Segment Open

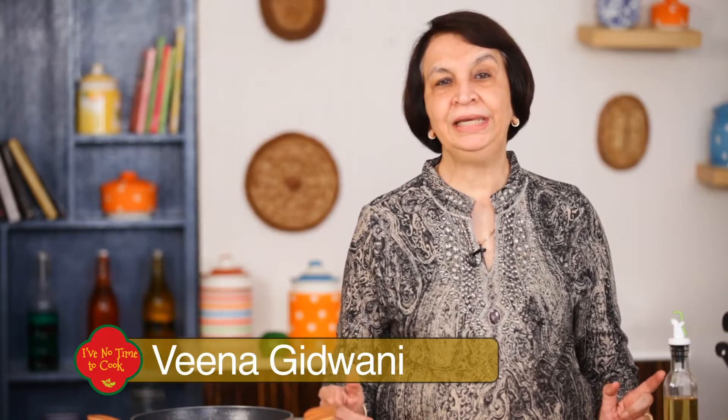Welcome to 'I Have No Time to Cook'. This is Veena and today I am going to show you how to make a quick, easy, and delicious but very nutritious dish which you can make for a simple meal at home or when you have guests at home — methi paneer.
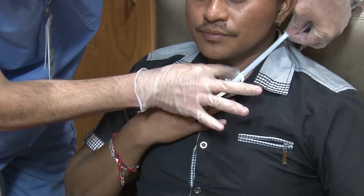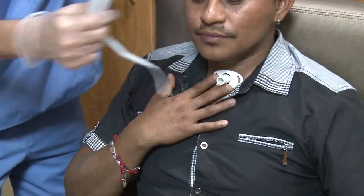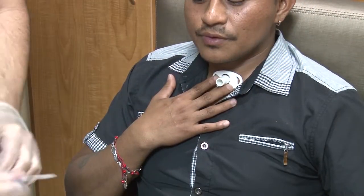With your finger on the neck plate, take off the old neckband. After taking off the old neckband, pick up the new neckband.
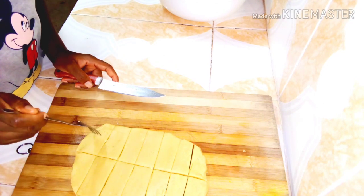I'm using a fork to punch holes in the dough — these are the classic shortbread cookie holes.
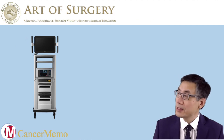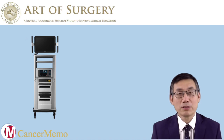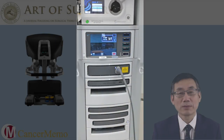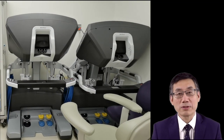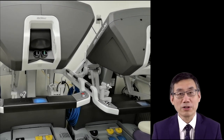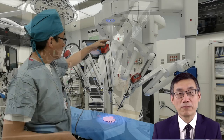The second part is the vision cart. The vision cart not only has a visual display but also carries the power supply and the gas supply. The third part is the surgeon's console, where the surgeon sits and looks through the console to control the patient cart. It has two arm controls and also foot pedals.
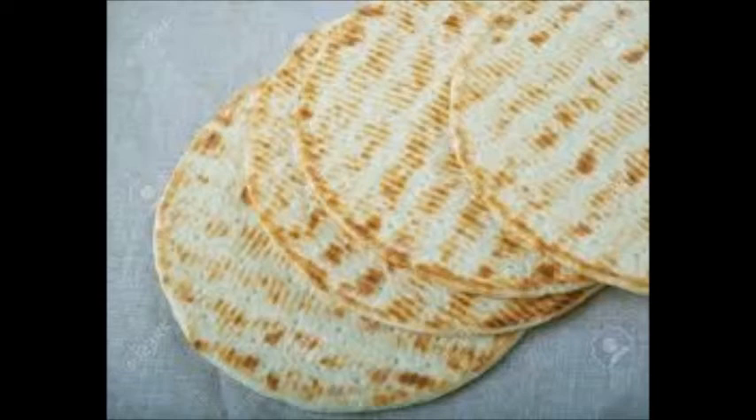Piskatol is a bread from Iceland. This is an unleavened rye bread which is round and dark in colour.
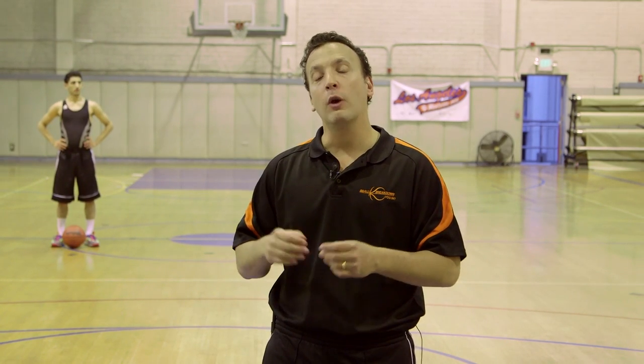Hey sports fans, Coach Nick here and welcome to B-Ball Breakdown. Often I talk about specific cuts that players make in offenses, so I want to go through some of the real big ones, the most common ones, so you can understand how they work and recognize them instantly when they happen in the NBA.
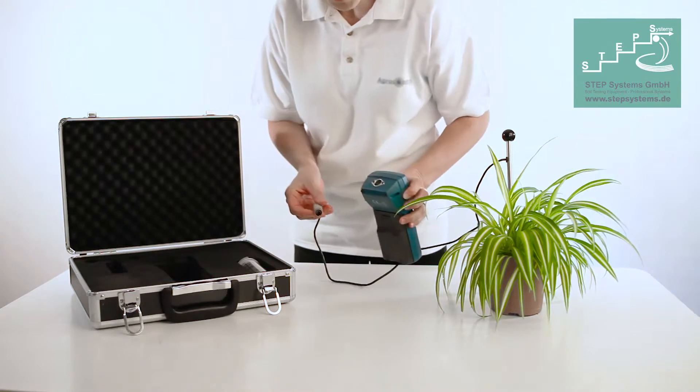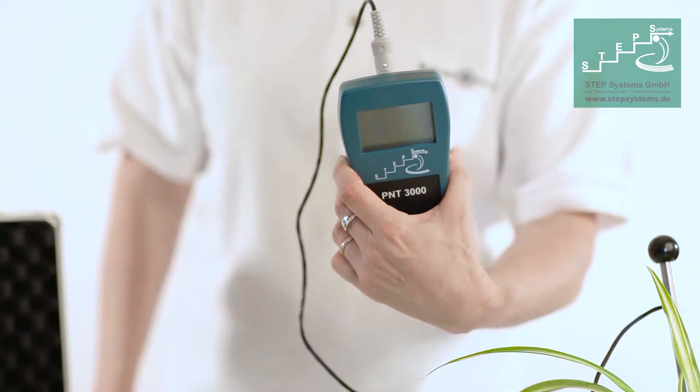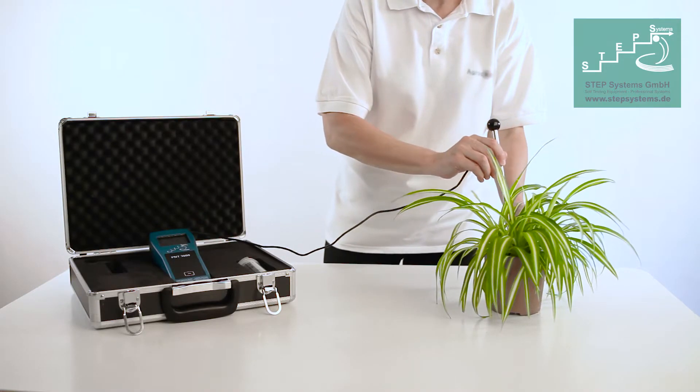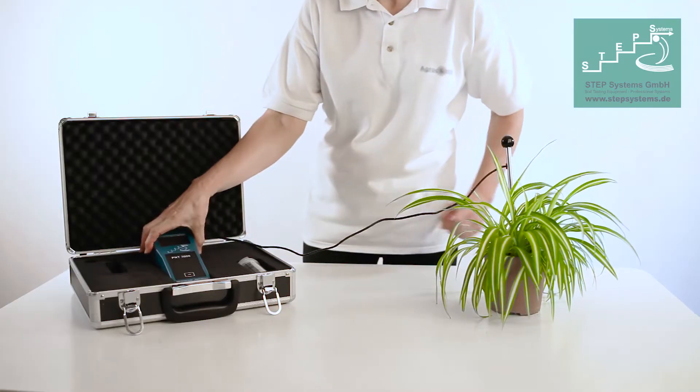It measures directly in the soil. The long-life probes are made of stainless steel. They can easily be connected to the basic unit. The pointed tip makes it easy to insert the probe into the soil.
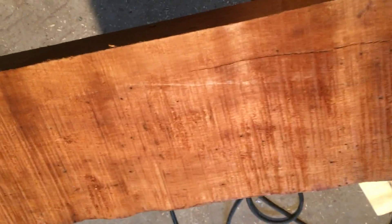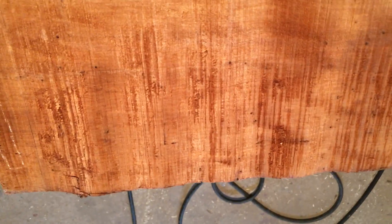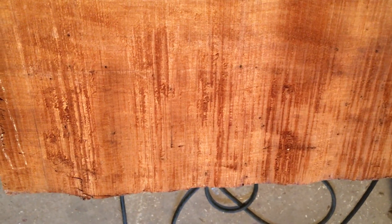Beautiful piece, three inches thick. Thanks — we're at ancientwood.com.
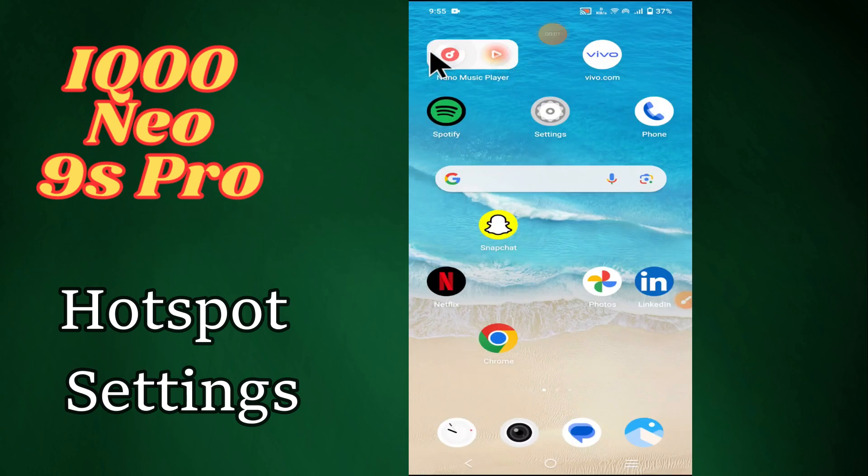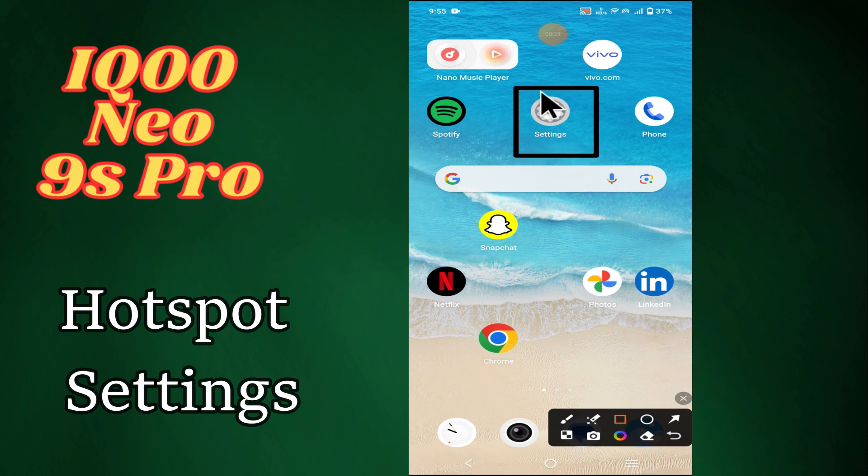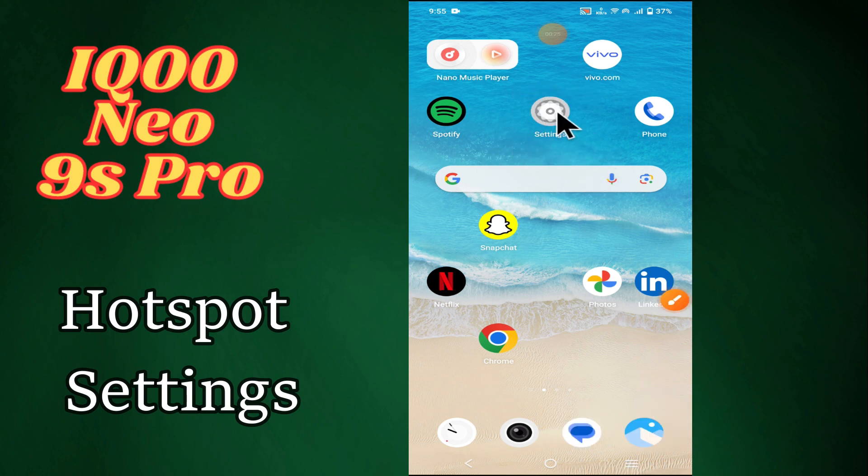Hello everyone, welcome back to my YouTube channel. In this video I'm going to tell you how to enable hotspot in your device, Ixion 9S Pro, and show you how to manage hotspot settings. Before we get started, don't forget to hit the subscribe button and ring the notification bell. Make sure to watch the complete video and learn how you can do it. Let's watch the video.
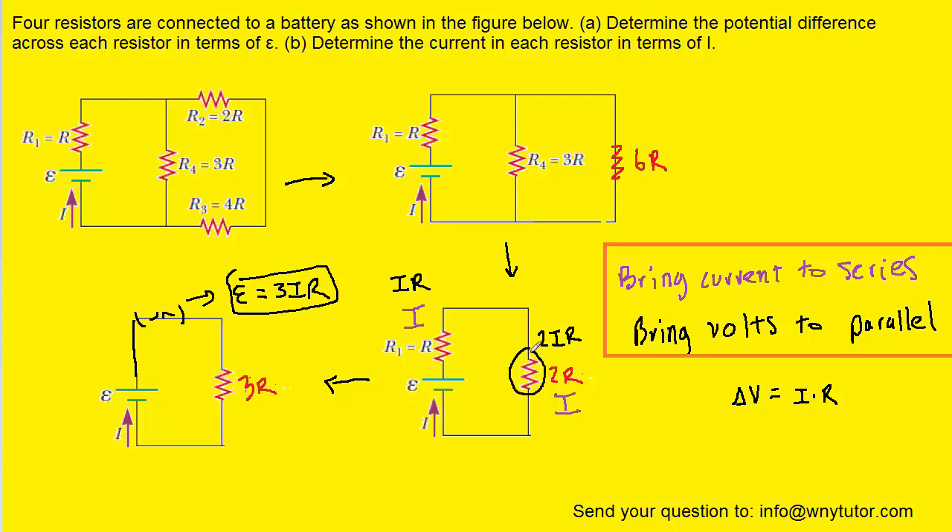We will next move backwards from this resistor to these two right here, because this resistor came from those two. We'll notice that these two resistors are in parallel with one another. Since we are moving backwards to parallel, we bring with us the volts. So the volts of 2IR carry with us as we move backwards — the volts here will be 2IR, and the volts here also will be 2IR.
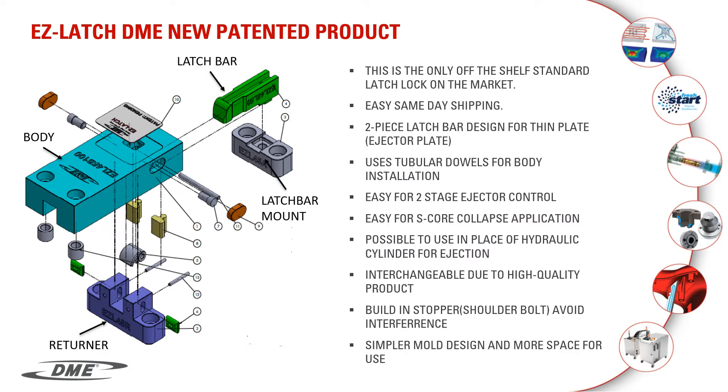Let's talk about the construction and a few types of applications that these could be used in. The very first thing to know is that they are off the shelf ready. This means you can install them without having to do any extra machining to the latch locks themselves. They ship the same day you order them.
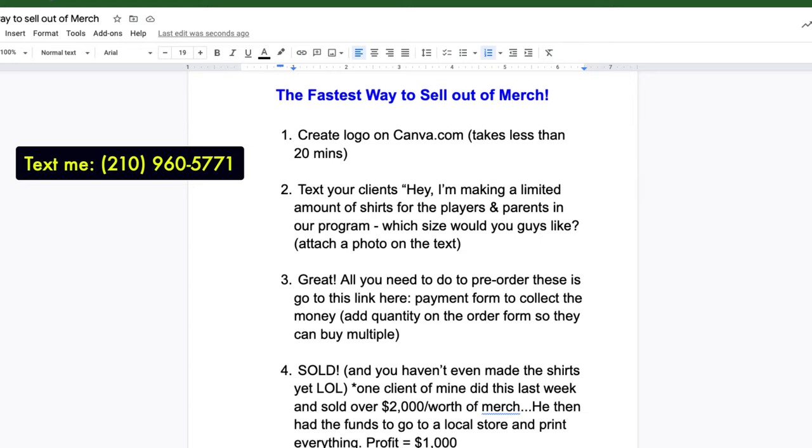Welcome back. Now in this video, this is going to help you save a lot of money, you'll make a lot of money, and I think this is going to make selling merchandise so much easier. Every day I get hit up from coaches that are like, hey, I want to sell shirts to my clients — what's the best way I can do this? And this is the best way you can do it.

Segment Closed

**DIRECTIONS**
Print exactly the lines from the first line of the records above through the line containing "Hey sports fans, Coach", leaving out the pictures.

**REPLY**
Welcome to 'I Have No Time to Cook'. This is Veena and today I am going to show you how to make a quick, easy, and delicious but very nutritious dish which you can make for a simple meal at home or when you have guests at home — methi paneer.
With your finger on the neck plate, take off the old neckband. After taking off the old neckband, pick up the new neckband.
I'm using a fork to punch holes in the dough — these are the classic shortbread cookie holes.
The second part is the vision cart. The vision cart not only has a visual display but also carries the power supply and the gas supply. The third part is the surgeon's console, where the surgeon sits and looks through the console to control the patient cart. It has two arm controls and also foot pedals.
Piskatol is a bread from Iceland. This is an unleavened rye bread which is round and dark in colour.
Hey sports fans, Coach Nick here and welcome to B-Ball Breakdown. Often I talk about specific cuts that players make in offenses, so I want to go through some of the real big ones, the most common ones, so you can understand how they work and recognize them instantly when they happen in the NBA.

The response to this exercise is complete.